For Whom the Clock Ticks? Cannon Balls, Cruise Ships and Capital Accumulation on the Bosphorus

Editor’s note: Istanbul is the Metropolis of the Month for September. This is the sixth entry in the series. You can read additional entries, as they are published, linked at the conclusion of this post.

By Yasemin Akçagüner

As the ferry approaches the port of Karaköy on the European bank of the Bosphorus, the mast of a 174 year old clock tower peeks out from behind the shiny façade of a new waterfront commercial development. The Tophane Clock Tower is nestled between the newly redesigned Istanbul Modern Art Museum and a 1.2-kilometer-long shopping center and cruise ship port called Galataport. Built in 1848-49 under Sultan Abdülmecid as the clock tower of the Ottoman Imperial Cannonball Foundry (Tophane-i Amire), the Tophane Clock Tower is the oldest standing Ottoman clock tower in Istanbul. Originally located on the waterfront and a stone’s throw away from the Nusretiye Mosque (1822-26), the clock tower was shielded from sight and in a decrepit state for many decades until its recent restoration as part of the much criticized Galataport project. The history of the Tophane Clock Tower offers a unique vantage point from which to understand the Galataport project as a new chapter in the longer history of the politics of urban development in the Tophane neighborhood.

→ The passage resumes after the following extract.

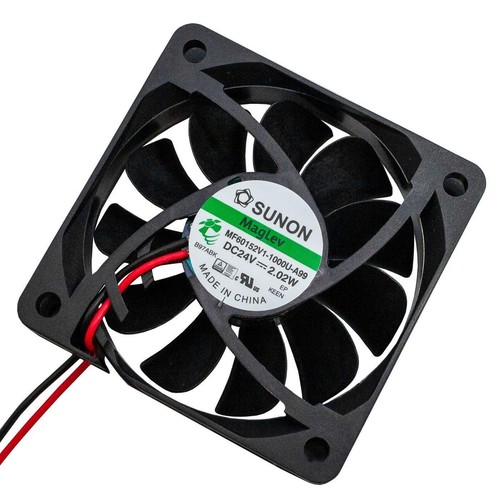Lüfter 24v 8w - 24v, 60x60x15mm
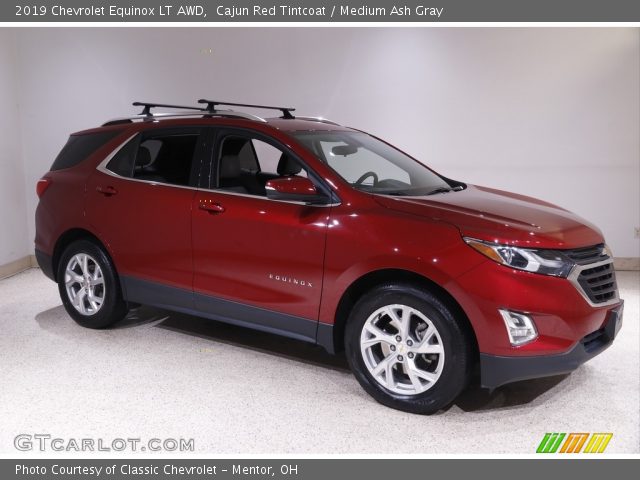 2019 Chevrolet Equinox LT AWD in Cajun Red Tintcoat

A site for the disembarkation of foreign ships since at least the early nineteenth century, the Tophane port in the district of Karaköy, with the Tophane Clock Tower at its center, has long projected an image of imperial grandeur and of contemporaneity with modernizing Europe. This show of imperial might and aesthetic contemporaneity worked to disguise the Ottoman Empire’s peripheralization within the emerging global economy—its reduction to semi-colonial status as an exporter of raw materials for European industry and subsequently as a captive market for cheap European commodities. The Galataport project continues this tradition of masking economic peripheralization, this time in the neoliberal economy of AKP-era Turkey.[1] As the Turkish Lira rapidly depreciates, the Galataport mall serves once again as a marketplace, but this time to the exclusion of local consumers who cannot afford the goods and services on offer. The Galataport becomes, in the eyes of Istanbul residents, a playground for cruise line passengers chasing favorable exchange rates. They do so in the shadow of the Tophane Clock Tower, which remains at once in place and out of place, endowing the commercial project of an AKP-backed private developer with historical caché.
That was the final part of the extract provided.